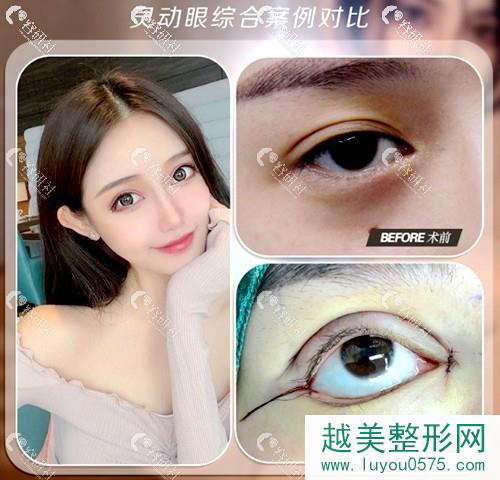 上海千美整形医院灵动眼部手术案例对比图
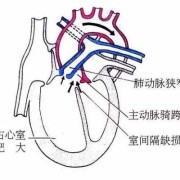 胎儿法洛四联症（胎儿法洛四联症能要吗）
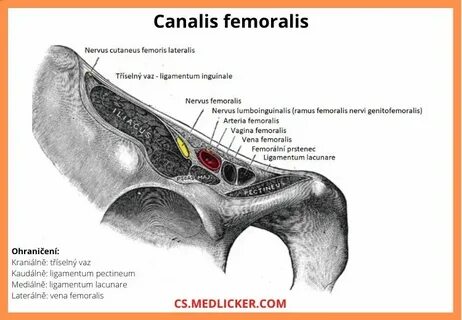 Stehenní kýla (femorální hernie): příčiny, příznaky, diagnos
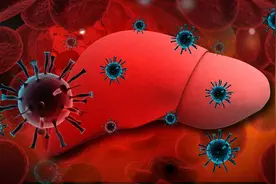 提醒乙肝患者：日常若不注意这3点，当心疾病发展成肝硬化！图片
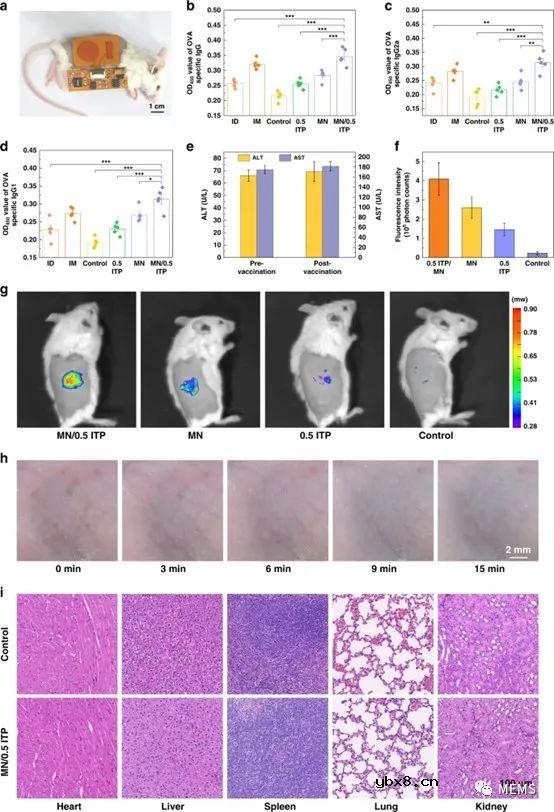 一种可穿戴式离子电渗驱动的微针贴片设计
▬▬▬
Transcribe every record exactly and omit each image.

 上海千美整形医院灵动眼部手术案例对比图
 胎儿法洛四联症（胎儿法洛四联症能要吗）
 Stehenní kýla (femorální hernie): příčiny, příznaky, diagnos
 提醒乙肝患者：日常若不注意这3点，当心疾病发展成肝硬化！图片
 一种可穿戴式离子电渗驱动的微针贴片设计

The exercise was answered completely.